Expect it to be Epic!

Riding across a country and into the next, and then into the next is how I derive my greatest pleasure.
But how easy to go to Spain to France, into Italy, but that isn’t the direction I want, or France, Spain, into Morocco, not that either. I want to perpetuate the fear of going to an alien country, working out their system, finding where to buy the food I like, finding enough water to survive, organising a sim card for my phone, learning a few words of the language to allow me to get by, learning the plethora of country idiosyncrasies you need to know.

In a recent conversation with Chris he said, Well you seem to like that never ending hardship. And I suppose I do.

It will come as little surprise to you that I am often drawn to the Middle East. My plan is to fly to Jeddah on the west, Red Sea coast, of Saudi Arabia, Saudi has only recently in the last few years opened its doors to tourists. Cycle around Mecca inland a bit to Taif high in the mountains around 2000 to 2500 meters up, I’ll see how cold it gets, it snows there, I might have to get to the sea. Then follow the mountain range to Abha and Khamis Mushayt in the South west corner. East across the Rub al Khali to just south of Riyadh, across and into the UAE then on to Muscat in Oman, this route is just over 3000 kms. I hope then to take a bus from Muscat to Salalah at the southern most tip of Oman and return cycling along the coast road back to Muscat (another 1200kms) and home. This last bit depends on time available. You may also know that I have been to Oman a couple of times before and it’s safe and easy for me to be there.

Some bike adaptions and updates to follow.

Off to Inverness

I stayed out late last night. Had dinner at my brothers house then left at about 8.30. That’s a out as exciting as my life gets, home by 9.15.

Packing, packing, packing. I have no idea what to bring, short sleeve, long sleeve, over trousers, puffa jacket, heavy or light weight quilt. Oh the list of my indecisiveness is long and frustrating. So finally I just went to bed.

More oscking in the morning. Finally I was ready to go at about 8.40, looked outside and it was pouring. I had another coffee and waited. Eventually at about 10 it looked dry enough so I just bit the bullet and left.

The 1st half was flat and along the Forth snd Clyde Canal. I stopped at Kirkintilloch for a coffee and chatted to 3 other cyclists braving the patchy weather.

Then on to Sterling.

Big shout out to the guy in the Giant/Liv shop for lending me a torque wrench. Just to straighten up my seat tube

Eventually leaving the canal at Banknock. I had a choice stop at a campsite at Comrie croft at about 90k or on to Glengoulandie at about 130kms. Yes of course I opted for the shorter. Arriving at about 4.30. More choices flat field near toilets or bit more sloping in the woods but further to walk. I opted for the field, ate food at 6 then moved the tent in the semi dart into the woods. 🤦oh the indecisiveness, grrrrrr.

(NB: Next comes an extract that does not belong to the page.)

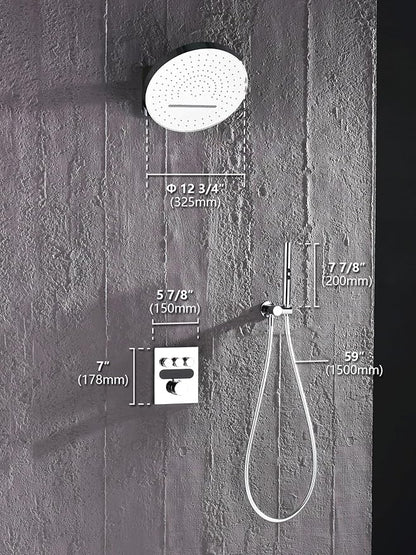 Lefton Shower System in Fahrenheit Display (Battery-free), 13” Overhead Round Rainfall Shower Head with All-in-one Handheld Spray Showerhead, 4-in-1 Control System, SSWM2501 (Chrome)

Tomorrow looks pants so high chance I’ll stay here tomorrow and avoid the worst of 3 days (Wed, Thurs, Fri)

Tent is a bit slopy, hopefully that means it won’t be wallowing in water tomorrow morning.

I know I took no photos.

Santander

After that second day at the Vuelta my legs were feeling a little wobbly in the morning. When I woke rain was pouring down. The forecast was for dry. I waited till there was a lull at 10 then packed the bike and off. Of course it rained on the way.

The route profile looked all down, but I hadn’t anticipated the spikes, and lots of them and high. I was hoping to do 120k. By one I knew that wasn’t going to happen. The road kept going up, and my legs werw so tired.

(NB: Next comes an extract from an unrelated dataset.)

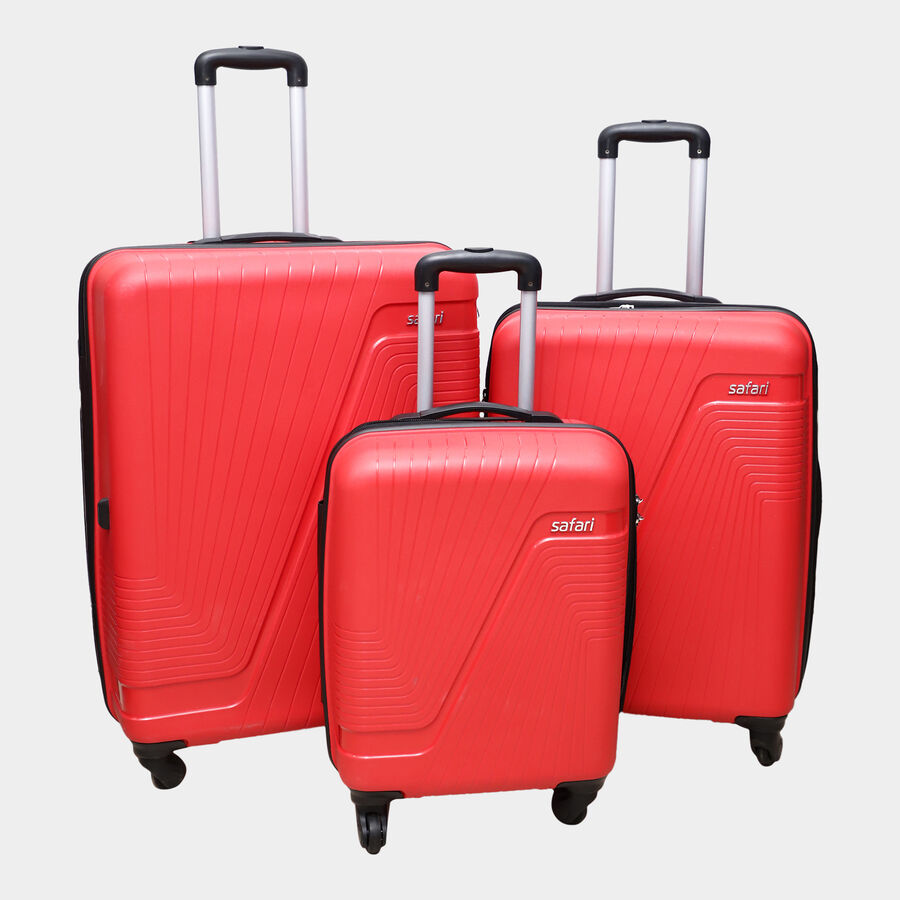 4-Wheel Red Polypropylene Hard Case Trolley, Small + Medium + Large, , large image number null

I had highlighted 2 campsites I knew the further one was not going to happen. But I suddenly came upon the first.

I was lucky to get the tent up, still a bit wet from the last use. About an hour drying as I showered and all was fine.

Just enough time to wash my shorts, eat then sleep.

It’s a classic

6am wake and left the campsite just as it was starting to get light. I had highlighted a campsite 10kms before Santander.

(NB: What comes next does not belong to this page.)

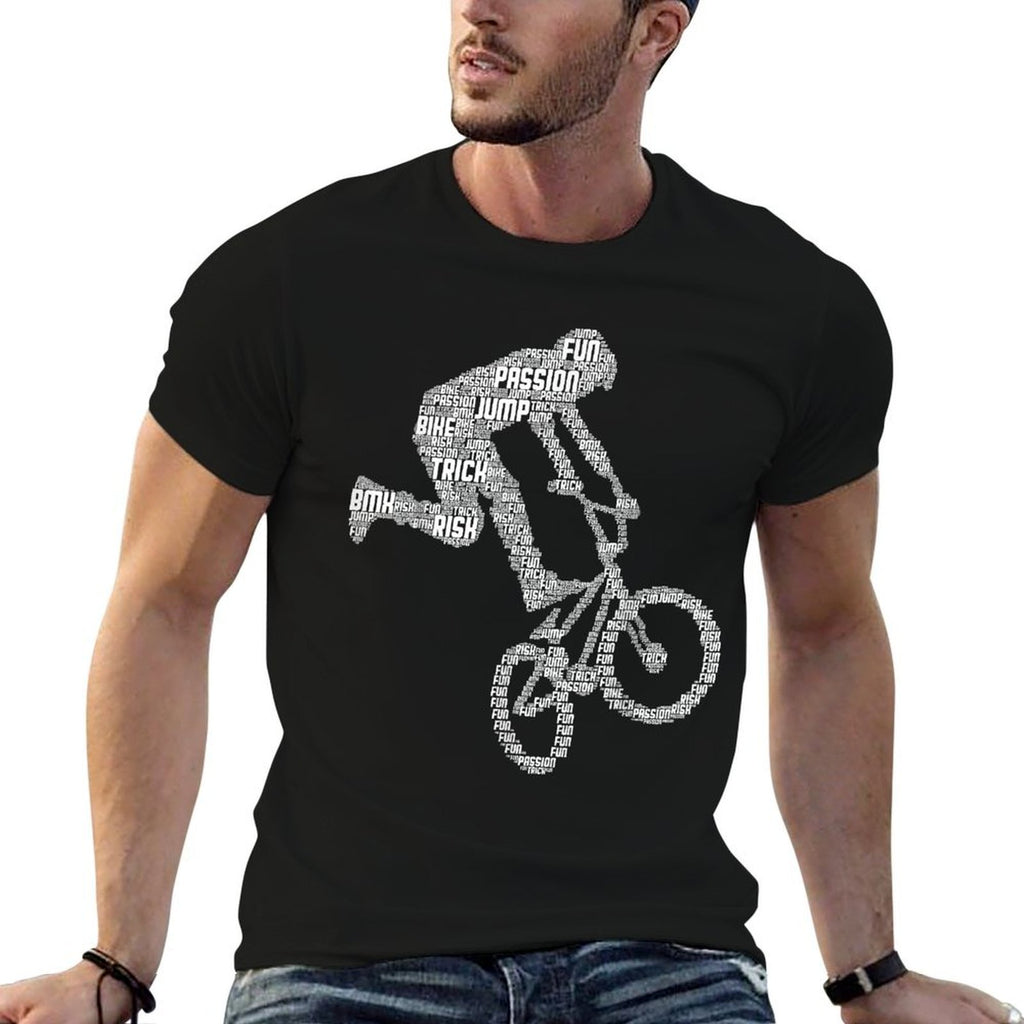 BMX Rider Bike Bicycle Stunt Racing Boys Kids  Polyester Blend T-Shirt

Today seemed flat on the route profile but there did seem to be a lot of bumps.

I really didn’t think toomuch, the sun was hot, I was definately tires

There were some beautiful towns and villages. This region really us spectacular. I was hugging the coast.

Then just as I got into Santander I got a little confused so was dragging my bike over a curb and a thorn got in. My back tire is paper thin now. 2500kms is it’s limit I think.

Komoot lowest to take you around the houses, especially when a straight route would suffice and also bike paths really confuse the issue. Anyway, I discovered the campsite i was aiming for was closed, so adjusted to my second choice another 15kms. As I got nearer I rode fasted, desperate to get washed and settled, getting close to 6pm 11 hours on the road. I charged into the campsite, passport, I’d drew out my debit card and the receptionist said, we only take cash. Just at the end of my ride I’m not the happiest of bunnies and I am sorry to say I flipped, yes there was swearing, yes I raged, threw my arms into the air, spat the dummy out the pram. The receptionist calmly said, there’s an atm about 15 mins drive away. This doubled my anger.

Bookings.com is my friend I’m now in an overpriced sleazy hotel 1km away from the ferry.

No idea how I got this sort of satellite version. Not overly sure I like it.

Hot at the top.

The 30k didn’t seem too bad to get to the end of the days stage of the Vuelta. Having learnt from yesterday I set off much later but still getting me to the top in good time to sample the atmosphere.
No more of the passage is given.